The Coast FL75R Headlamp.

Headlamps tend to disappear at our house. Not because we have so many power outages that they end up misplaced after usage, and not because they end up forgotten in, say, an old, unused crag pack. But because our kids are always up to some game, usually involving piling the living room and kitchen furniture into a giant fort, that involves headlamp exploration for “mining” or “excavating.” And then, when the game’s over, of course the headlamps end up who-knows-where, and not replaced in their usual cupboard or in my climbing pack. So it was that I was bummed to have the rechargeable Coast FL75R, which I’ve been testing for half a year, go missing. It’s one of the nicest, brightest, best-made headlamps I’ve owned, and I’m pretty sure my boys did something with it, though nobody can “really remember, dad.” So I borrowed my co-worker’s sample to continue testing and write this review, and have zero intention of giving it back.

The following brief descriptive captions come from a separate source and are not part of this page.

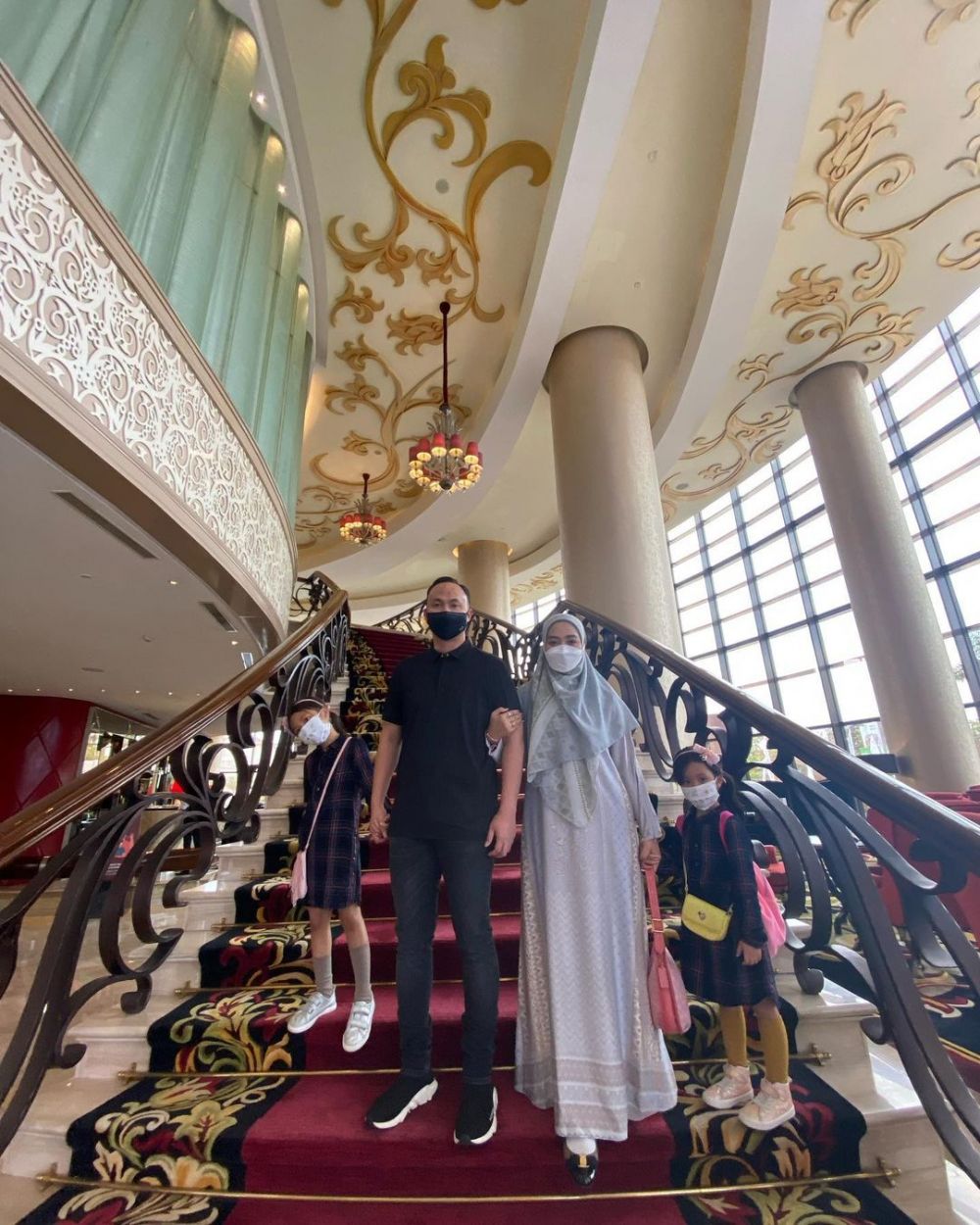 pemain Cinta Fitri ini pilih vakum dari dunia hiburan © 2023 brilio.net pemain Cinta Fitri ini pilih vakum dari dunia hiburan © 2023 brilio.net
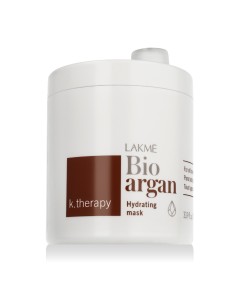 Lakme K.Therapy Bio Argan Hydrating Mask 1000 ml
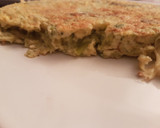 Foto del paso 5 de la receta: Tortilla de brócoli y ajos tiernos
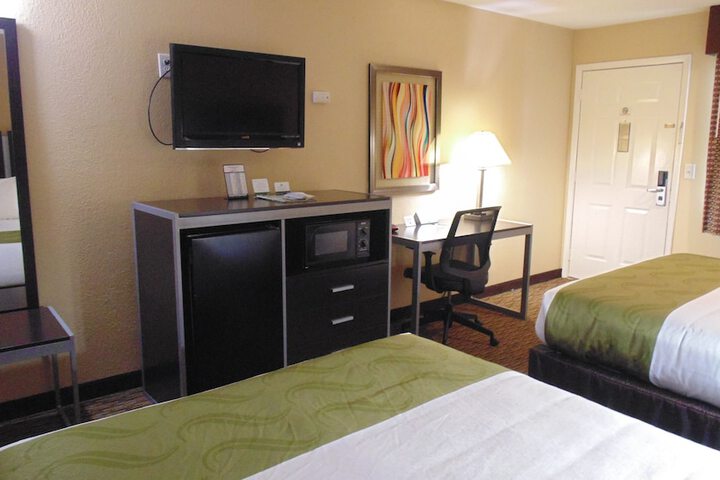Quality Inn Glenpool - Tulsa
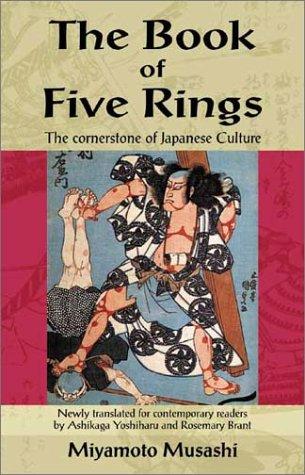 Miyamoto Musashi: The Book of Five Rings (Paperback, 2003, Astrolog Publishing House)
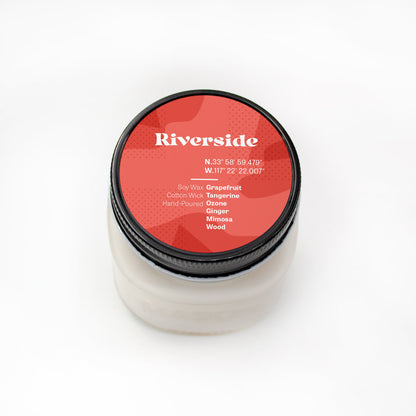 Riverside by NESW WAX CO//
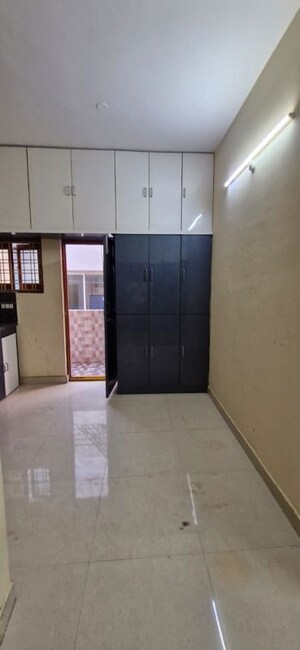 Bathroom in 3 BHK Builder Floor at Kondapur – for Rent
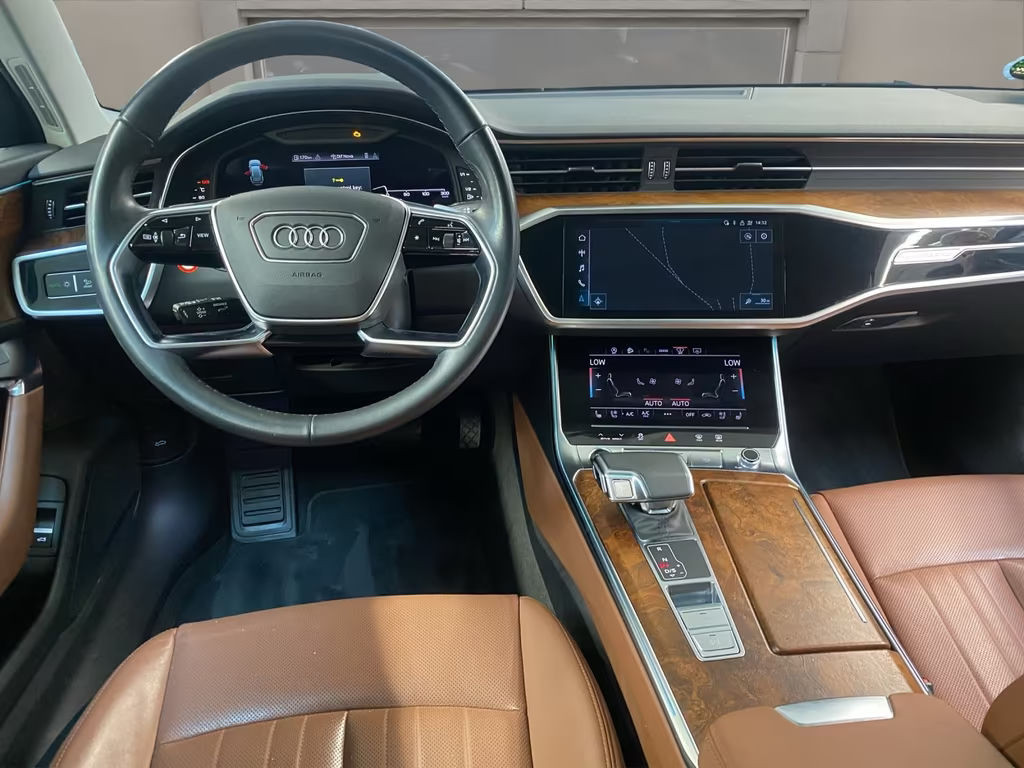 Audi A6 allroad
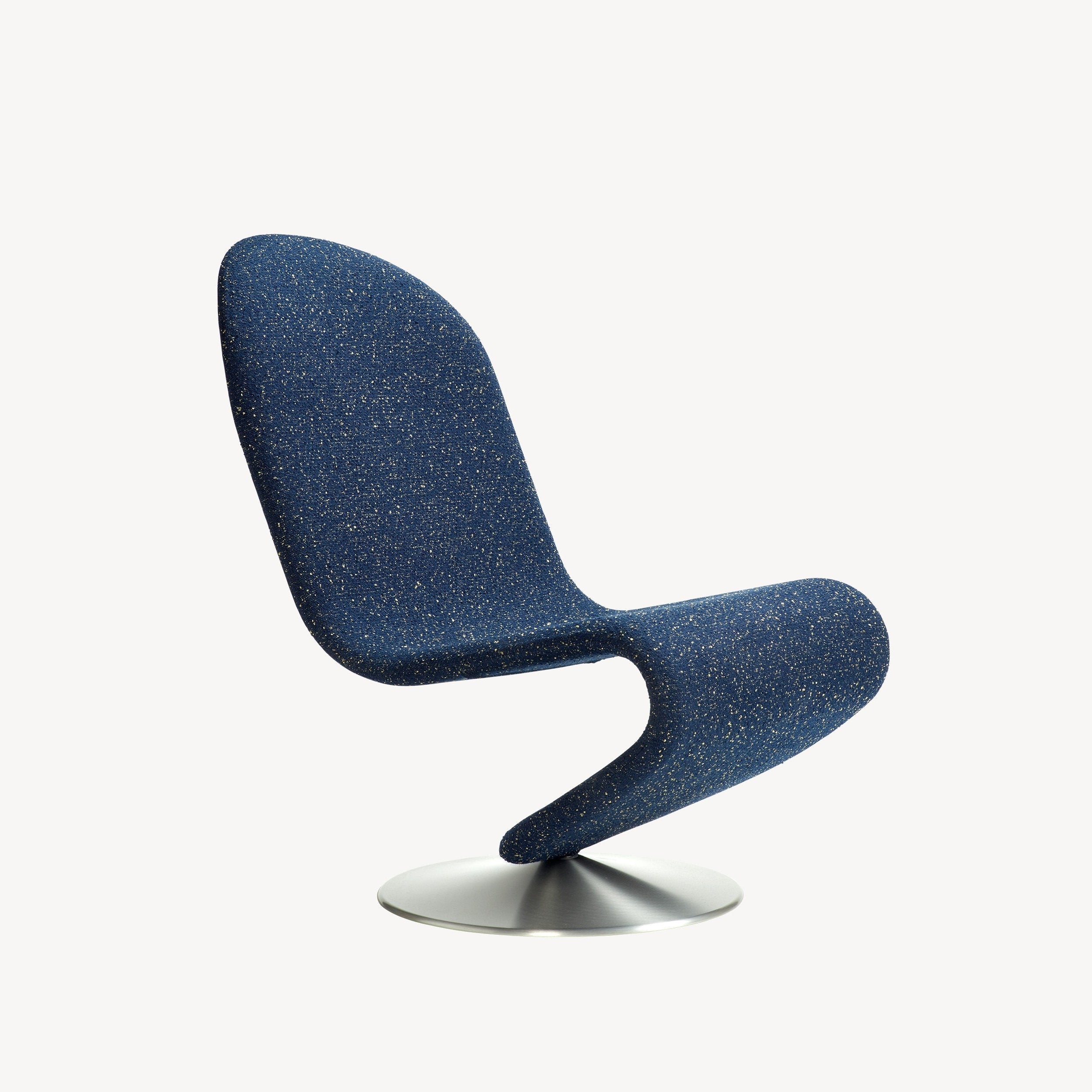Verpan System 1-2-3 Lounge Standard - Round base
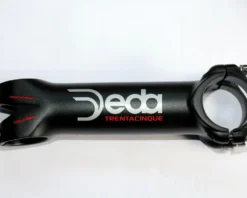 DEDACCIAI Deda 35 Stuurpen -Fiets Klaar Verkoopwinkel deda35mtazwartzilver medium 4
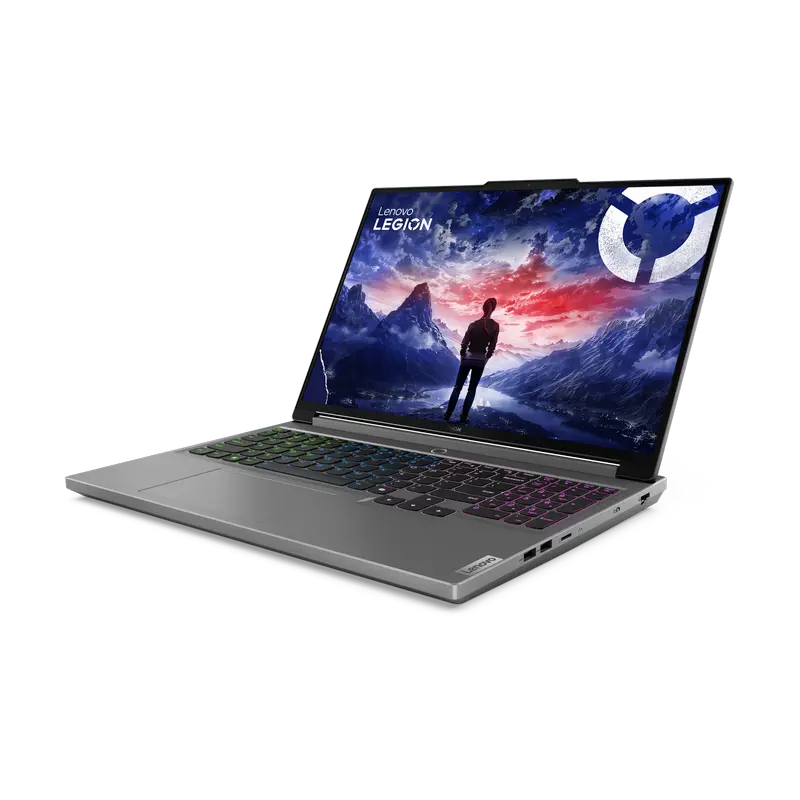 Игровой ноутбук Lenovo Legion 5 16IRX9 Luna Grey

To begin, the FL75R has a very sleek, modern look that could almost be described as steam punk meets Robocop. The unit weights 3.2 oz and has a wide (1-inch), soft reflective headband that’s comfy on the head; it fit easily in the brain of my crag pack or in a jacket pocket or bullet pack to bring up on long routes—it’s about the size of three matchboxes stacked together. However, for such a small size, this thing is mega-bright—like, don’t look directly into it when it’s on the high setting (530 lumens) or you’ll be temporarily blinded. I found it to be awesome, then, for navigating rocky, muddy trails coming down late out of the Flatirons above my home in Boulder, Colorado, as well as night scrambling on technical terrain and camping. Moreover, with a simple twist of the lens you can adjust the beam to be a bull’s-eye pinpoint that, as per Coast’s site, illuminates up to 767 feet downrange, or expand it out to a flood beam that’s 11.5 feet in diameter 6 feet away, with of course whatever gradations or variations you need in between. It also flips up and down on a hinge, so that you can vary the angle of effect. All this versatility was amazing, letting me modify the lamp to meet the terrain at hand, and was supremely easy to tweak on the fly by simply twisting the lens. I never felt like I was stumbling about in the dark, wishing I had a brighter or wider-ranging headlamp.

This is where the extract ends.